Viewing the SPY from the Friday closing price at 263.57, there is a +/-8.261 EM into this coming Friday. This is larger than last week’s 6.937 EM and reflects the risks that the market is processing with rates, growth, and trade. The EM targets for this Friday’s close are 271.83 to the upside, and 255.31 to the downside.
EM fades have not been a good setup lately due to the emotions raging in the markets; we’ll have to evaluate each test as it occurs. Last week we saw the price get close to the upper EM on Monday, and eventually blew through the lower EM. This volatility will remain with us for months before it settles down.
Once again a huge Monday move; the price approached but did not violate the lower EM boundary.
We did get some recent experience with this style of trading and quite frankly it’s not as easy as it sounds.
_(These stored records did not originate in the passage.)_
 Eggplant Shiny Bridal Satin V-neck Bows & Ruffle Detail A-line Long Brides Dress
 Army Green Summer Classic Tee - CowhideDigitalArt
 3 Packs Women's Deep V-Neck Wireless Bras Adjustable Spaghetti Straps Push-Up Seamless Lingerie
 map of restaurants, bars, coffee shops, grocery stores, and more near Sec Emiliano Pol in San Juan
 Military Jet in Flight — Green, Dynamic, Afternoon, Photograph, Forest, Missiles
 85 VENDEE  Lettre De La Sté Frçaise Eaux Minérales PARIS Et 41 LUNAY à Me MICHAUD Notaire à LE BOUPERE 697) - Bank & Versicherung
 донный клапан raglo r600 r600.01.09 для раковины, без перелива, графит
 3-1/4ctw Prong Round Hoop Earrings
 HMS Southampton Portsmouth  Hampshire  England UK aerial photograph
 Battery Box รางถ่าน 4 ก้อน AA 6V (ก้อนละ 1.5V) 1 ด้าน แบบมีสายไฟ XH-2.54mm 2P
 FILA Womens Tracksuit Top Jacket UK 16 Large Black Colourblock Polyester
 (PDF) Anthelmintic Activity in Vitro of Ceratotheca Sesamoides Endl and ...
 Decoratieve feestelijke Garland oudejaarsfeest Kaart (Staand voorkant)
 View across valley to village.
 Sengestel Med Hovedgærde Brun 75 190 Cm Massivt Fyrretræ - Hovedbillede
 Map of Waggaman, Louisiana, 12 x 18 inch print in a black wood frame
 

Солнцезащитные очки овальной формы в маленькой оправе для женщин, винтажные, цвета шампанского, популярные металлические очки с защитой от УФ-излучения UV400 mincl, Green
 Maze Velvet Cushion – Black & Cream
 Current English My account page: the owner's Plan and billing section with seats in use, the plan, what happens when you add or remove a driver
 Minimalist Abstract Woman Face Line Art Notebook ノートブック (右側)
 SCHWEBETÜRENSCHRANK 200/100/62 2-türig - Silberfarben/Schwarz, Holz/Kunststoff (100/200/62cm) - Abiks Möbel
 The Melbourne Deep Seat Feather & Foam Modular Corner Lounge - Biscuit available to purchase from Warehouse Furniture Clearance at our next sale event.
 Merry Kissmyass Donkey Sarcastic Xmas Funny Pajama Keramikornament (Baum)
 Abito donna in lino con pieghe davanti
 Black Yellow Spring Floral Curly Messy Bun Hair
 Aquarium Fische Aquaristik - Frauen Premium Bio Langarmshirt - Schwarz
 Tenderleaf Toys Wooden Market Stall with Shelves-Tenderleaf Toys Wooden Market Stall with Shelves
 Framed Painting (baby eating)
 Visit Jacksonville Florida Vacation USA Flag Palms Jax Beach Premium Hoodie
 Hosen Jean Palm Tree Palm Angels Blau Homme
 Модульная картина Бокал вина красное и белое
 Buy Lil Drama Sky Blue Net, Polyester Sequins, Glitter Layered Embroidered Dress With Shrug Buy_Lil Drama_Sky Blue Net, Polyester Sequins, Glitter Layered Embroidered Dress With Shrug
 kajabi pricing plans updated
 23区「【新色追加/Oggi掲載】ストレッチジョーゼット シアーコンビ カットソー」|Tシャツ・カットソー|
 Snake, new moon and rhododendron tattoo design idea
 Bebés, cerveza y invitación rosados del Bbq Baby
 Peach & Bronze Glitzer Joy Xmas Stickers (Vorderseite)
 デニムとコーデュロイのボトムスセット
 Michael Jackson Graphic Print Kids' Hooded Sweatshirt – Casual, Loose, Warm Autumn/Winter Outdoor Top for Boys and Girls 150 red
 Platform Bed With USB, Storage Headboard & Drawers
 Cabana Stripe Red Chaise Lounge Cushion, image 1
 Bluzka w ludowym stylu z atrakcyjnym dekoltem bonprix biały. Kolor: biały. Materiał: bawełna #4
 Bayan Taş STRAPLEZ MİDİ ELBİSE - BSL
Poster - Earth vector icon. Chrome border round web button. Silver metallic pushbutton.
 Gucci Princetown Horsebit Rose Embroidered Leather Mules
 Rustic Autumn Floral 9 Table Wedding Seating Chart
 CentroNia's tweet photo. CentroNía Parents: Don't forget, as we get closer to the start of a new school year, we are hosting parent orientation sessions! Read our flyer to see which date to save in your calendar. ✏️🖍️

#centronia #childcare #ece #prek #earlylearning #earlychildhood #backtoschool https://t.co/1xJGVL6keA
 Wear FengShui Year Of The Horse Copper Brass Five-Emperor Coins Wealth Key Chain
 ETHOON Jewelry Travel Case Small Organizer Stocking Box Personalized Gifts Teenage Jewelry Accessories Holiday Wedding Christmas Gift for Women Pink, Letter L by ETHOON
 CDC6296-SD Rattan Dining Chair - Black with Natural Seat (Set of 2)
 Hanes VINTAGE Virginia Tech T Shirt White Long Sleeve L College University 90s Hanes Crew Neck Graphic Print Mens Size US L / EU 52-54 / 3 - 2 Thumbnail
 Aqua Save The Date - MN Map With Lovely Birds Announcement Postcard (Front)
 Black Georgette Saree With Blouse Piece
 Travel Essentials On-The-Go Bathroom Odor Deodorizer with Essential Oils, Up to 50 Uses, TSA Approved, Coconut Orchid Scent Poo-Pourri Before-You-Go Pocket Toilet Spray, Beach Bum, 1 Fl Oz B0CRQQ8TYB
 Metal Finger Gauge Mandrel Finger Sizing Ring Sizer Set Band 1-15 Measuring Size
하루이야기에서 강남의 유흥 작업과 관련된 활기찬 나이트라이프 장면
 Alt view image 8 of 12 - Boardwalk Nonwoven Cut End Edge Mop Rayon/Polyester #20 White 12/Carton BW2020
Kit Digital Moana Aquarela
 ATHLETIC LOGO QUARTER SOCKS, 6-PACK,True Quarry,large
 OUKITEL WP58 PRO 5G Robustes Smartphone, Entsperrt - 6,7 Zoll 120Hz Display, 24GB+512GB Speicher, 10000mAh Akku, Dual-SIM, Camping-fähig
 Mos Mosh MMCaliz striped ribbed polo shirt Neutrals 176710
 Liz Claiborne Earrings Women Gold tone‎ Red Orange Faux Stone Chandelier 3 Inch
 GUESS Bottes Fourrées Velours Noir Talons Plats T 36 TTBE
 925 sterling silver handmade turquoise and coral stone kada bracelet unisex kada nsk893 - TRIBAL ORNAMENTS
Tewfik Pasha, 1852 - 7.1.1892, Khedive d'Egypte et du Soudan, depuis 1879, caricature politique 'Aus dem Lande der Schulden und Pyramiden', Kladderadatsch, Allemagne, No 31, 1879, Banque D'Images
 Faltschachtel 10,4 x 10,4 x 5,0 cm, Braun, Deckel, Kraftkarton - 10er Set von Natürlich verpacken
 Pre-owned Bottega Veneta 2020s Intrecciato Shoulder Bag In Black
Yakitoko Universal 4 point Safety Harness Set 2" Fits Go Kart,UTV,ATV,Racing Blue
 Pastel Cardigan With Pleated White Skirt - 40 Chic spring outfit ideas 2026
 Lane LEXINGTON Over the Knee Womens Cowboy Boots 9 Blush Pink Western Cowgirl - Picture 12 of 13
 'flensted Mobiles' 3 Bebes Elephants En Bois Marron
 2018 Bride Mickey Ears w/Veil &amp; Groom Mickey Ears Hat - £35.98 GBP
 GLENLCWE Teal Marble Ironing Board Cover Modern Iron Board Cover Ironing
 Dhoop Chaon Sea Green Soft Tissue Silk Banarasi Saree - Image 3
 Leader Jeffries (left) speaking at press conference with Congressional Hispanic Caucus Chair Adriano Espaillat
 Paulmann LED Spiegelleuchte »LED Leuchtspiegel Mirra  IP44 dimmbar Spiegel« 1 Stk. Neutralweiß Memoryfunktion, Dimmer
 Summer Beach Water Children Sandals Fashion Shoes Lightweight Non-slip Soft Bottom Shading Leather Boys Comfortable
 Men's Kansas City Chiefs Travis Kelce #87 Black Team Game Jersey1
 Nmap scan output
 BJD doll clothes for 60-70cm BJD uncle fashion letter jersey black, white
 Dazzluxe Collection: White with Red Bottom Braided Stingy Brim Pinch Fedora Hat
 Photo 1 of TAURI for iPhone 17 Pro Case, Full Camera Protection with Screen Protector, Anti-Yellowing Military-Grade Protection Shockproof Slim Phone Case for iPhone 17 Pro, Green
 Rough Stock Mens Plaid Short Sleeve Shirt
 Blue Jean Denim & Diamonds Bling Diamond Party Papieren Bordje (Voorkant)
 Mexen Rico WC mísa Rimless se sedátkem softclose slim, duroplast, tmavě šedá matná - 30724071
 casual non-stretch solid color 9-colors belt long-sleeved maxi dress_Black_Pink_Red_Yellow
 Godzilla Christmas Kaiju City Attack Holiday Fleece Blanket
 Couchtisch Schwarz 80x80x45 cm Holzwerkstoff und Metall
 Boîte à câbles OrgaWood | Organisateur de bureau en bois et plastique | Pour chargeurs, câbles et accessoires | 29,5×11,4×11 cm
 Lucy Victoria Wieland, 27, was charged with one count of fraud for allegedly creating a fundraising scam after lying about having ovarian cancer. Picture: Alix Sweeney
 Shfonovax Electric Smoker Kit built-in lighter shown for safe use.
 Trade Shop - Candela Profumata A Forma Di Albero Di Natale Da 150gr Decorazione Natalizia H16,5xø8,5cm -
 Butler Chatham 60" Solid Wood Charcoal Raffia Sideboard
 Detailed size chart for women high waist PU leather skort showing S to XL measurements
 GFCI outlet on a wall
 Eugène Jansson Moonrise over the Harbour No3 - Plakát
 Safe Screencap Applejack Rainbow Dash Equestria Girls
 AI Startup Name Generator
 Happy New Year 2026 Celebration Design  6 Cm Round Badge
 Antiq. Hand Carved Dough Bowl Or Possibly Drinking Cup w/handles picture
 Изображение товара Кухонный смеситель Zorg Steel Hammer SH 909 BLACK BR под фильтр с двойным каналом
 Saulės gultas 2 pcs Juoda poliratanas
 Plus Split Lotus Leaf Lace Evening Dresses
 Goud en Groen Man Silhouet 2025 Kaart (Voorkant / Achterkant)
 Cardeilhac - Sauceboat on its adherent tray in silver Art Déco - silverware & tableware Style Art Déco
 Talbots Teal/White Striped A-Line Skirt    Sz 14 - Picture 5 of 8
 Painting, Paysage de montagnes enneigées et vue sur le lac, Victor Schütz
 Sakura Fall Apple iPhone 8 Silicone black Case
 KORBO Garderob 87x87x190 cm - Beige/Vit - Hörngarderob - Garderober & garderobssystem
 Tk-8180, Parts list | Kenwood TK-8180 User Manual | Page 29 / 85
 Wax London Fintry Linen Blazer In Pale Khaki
Strong bull trends do not give way easily. My conclusion is that this strategy is best reserved for stocks experiencing a snap-back rally in a primary bear trend. If the market starts to print a lower high on the weekly chart then I will become more serious about this strategy.
The scan that I discussed in the 8/4/2018 video is available to download for thinkorswim here: http://tos.mx/OvdVnz I will also be adding a second Larry Connors scan to this section as well; here is the Connors Crash scan: http://tos.mx/BhHuKL
I have no positions at this time.
No other entries at this point. I would prefer to see the market stabilize first before looking long again. We will see big volatility over the next two+ months. If we are able to secure a “higher low” off of the S&P in the short run, this might be a good environment for a couple of weeks.
The “Hindenburg Strategy” is meant to capture “value” from successive corrections that lead up to the final “death spiral” with a Bear Market. The basic principle is to buy 3-month out long puts on the SPY, and to finance those puts by the sale of credit spreads. Frankly, selling the “financing” trades has been a huge challenge in this low-vol environment. I will only sell put spreads on decent pullbacks that allow me to secure put spreads 10% OTM. We have no positions at the current time. I have no positions at this time. I cleared out the current puts on the drop to the 200ma. I will “reload” again on the next bounce up.
I passed on the recent entry; I’m going to hold off for a little longer to see if a more complex top is created off of a higher high. Recent entries were expensive due to elevated vol.